> **WHAT TO DO**
Report every line of the data where the string "Image" appears.

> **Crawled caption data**
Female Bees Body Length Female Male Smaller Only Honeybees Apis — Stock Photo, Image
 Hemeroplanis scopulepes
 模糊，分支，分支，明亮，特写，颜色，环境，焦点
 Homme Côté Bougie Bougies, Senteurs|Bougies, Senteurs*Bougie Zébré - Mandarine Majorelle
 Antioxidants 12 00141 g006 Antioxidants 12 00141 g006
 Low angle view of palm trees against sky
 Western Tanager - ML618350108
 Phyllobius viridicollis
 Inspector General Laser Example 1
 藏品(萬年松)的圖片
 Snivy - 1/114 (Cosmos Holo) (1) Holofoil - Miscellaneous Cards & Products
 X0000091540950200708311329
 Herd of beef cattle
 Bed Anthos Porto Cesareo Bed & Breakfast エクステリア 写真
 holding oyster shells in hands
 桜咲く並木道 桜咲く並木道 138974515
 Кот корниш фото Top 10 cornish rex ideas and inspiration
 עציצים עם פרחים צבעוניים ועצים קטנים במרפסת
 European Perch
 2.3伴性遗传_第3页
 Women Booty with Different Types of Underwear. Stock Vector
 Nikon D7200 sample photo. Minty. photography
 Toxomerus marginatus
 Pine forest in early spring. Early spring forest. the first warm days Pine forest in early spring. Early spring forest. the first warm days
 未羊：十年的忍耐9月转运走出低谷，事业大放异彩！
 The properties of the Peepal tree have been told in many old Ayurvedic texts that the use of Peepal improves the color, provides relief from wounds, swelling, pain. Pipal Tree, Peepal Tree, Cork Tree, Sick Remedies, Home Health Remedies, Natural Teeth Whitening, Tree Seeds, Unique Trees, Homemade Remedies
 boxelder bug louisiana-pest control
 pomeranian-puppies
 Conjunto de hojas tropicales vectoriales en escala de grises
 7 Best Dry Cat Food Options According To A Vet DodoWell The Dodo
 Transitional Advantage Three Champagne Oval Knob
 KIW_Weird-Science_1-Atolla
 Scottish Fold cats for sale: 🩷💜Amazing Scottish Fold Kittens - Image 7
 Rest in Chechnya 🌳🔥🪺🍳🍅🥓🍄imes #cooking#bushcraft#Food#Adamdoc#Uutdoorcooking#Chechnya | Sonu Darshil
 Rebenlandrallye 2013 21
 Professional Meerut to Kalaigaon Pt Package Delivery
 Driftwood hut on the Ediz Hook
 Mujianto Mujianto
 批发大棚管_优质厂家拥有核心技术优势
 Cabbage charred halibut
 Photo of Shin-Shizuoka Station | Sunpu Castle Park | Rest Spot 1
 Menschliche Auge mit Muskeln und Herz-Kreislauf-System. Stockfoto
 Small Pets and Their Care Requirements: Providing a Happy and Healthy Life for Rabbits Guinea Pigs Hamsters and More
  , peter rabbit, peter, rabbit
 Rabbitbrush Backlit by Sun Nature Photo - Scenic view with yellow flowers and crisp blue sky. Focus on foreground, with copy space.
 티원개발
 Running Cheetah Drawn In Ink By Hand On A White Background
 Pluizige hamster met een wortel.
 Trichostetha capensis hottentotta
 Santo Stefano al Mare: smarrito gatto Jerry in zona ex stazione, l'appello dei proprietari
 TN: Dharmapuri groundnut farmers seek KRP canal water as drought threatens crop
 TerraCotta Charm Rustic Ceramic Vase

> **OUTPUT FOR THIS TASK**
Female Bees Body Length Female Male Smaller Only Honeybees Apis — Stock Photo, Image
 Scottish Fold cats for sale: 🩷💜Amazing Scottish Fold Kittens - Image 7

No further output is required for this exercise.